# PROBLEM TO WORK ON
The output should be limited to the line holding "Young girl taking" and the lines after it through the end of the entries, each restated exactly.

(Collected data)
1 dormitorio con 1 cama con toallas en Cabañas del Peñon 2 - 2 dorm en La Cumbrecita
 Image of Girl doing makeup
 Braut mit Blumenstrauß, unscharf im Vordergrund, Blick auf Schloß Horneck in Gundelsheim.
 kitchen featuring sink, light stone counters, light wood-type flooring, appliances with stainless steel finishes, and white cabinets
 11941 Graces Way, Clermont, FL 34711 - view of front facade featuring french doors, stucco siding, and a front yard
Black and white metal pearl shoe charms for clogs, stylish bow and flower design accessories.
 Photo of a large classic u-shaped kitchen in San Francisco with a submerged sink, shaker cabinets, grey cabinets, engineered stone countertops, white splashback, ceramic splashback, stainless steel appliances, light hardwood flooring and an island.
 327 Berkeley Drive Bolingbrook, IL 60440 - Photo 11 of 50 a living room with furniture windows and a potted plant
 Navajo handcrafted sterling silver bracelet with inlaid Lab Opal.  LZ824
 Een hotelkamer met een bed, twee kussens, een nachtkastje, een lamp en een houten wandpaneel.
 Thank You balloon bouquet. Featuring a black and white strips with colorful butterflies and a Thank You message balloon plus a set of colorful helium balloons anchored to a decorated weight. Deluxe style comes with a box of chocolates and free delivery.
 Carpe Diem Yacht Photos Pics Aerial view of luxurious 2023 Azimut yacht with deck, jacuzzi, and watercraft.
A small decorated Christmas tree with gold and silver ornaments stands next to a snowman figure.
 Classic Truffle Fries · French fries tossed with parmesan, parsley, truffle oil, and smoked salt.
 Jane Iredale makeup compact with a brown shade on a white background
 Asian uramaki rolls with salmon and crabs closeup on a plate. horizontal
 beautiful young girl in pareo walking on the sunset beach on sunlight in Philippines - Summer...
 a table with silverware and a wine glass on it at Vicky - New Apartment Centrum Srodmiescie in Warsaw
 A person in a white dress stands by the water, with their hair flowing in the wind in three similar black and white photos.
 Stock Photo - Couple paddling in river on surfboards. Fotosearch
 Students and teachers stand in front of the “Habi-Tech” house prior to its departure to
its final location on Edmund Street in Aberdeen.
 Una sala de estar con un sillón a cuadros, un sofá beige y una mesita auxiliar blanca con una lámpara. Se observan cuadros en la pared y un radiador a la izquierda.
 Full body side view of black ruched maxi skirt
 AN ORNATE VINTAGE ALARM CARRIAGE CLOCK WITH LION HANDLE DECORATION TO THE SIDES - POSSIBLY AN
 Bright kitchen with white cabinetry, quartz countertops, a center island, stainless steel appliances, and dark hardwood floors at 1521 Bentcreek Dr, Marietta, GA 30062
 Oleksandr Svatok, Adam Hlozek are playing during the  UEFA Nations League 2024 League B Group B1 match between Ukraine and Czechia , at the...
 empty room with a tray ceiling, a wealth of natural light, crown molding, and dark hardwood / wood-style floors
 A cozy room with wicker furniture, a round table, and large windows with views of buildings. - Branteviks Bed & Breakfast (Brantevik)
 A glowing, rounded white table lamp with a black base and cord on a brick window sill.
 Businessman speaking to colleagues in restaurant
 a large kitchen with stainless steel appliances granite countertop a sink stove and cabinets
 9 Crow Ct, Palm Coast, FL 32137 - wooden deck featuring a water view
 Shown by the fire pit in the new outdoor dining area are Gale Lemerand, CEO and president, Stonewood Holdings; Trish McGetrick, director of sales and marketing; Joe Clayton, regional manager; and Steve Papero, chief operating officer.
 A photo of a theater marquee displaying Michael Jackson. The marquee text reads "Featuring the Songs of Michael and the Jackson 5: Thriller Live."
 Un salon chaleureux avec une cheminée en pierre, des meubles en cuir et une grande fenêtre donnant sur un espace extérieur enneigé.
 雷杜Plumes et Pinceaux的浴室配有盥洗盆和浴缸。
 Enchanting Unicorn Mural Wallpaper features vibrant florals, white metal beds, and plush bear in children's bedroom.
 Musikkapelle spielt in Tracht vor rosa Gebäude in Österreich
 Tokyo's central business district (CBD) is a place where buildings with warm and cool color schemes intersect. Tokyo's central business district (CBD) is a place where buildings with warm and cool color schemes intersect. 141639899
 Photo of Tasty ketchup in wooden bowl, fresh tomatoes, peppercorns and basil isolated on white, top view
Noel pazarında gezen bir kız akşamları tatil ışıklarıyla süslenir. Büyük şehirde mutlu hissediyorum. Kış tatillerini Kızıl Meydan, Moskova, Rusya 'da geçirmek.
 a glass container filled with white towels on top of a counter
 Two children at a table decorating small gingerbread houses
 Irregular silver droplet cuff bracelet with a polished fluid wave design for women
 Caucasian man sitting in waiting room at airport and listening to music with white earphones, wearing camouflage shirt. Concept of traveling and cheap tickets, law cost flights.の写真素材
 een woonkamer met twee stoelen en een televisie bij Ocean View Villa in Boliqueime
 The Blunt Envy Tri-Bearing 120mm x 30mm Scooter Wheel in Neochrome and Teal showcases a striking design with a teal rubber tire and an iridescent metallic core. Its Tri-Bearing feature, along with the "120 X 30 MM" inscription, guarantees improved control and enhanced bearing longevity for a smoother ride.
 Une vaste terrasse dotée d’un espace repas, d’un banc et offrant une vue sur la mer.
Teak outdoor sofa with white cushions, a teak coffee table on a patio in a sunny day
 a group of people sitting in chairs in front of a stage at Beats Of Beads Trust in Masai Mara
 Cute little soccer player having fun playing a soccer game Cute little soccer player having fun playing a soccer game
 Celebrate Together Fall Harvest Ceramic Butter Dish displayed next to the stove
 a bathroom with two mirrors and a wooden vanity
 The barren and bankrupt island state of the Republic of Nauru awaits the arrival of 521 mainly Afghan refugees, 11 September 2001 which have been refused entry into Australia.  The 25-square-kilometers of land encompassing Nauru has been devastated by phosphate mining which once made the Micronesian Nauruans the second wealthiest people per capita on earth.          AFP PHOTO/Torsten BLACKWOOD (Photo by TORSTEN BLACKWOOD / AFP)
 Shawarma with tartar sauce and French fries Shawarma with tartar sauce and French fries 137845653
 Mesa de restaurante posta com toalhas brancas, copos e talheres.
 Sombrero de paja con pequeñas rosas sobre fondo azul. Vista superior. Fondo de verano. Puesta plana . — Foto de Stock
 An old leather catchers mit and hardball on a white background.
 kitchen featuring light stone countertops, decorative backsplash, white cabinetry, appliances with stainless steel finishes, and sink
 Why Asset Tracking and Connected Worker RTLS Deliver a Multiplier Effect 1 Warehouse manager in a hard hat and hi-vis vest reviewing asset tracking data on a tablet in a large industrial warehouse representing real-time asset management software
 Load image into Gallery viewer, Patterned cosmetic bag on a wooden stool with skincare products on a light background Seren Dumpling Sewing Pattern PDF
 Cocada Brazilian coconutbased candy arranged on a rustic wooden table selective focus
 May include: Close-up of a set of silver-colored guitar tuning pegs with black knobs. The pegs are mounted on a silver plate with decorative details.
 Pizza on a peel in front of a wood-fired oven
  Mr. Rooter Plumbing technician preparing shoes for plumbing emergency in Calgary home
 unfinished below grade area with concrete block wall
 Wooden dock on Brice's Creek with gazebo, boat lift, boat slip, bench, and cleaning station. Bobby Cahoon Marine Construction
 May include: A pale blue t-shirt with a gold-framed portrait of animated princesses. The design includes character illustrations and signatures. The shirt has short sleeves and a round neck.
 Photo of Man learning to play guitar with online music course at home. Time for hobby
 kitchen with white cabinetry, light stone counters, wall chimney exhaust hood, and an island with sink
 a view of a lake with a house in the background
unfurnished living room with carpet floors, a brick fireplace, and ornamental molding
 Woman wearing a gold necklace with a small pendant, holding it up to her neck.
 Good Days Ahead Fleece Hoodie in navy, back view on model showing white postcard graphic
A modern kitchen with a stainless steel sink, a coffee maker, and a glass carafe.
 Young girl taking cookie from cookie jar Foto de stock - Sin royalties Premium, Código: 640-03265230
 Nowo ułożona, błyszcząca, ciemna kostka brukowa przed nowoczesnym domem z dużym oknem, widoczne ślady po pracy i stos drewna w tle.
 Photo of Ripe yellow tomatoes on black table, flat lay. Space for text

# SOLUTION
 Young girl taking cookie from cookie jar Foto de stock - Sin royalties Premium, Código: 640-03265230
 Nowo ułożona, błyszcząca, ciemna kostka brukowa przed nowoczesnym domem z dużym oknem, widoczne ślady po pracy i stos drewna w tle.
 Photo of Ripe yellow tomatoes on black table, flat lay. Space for text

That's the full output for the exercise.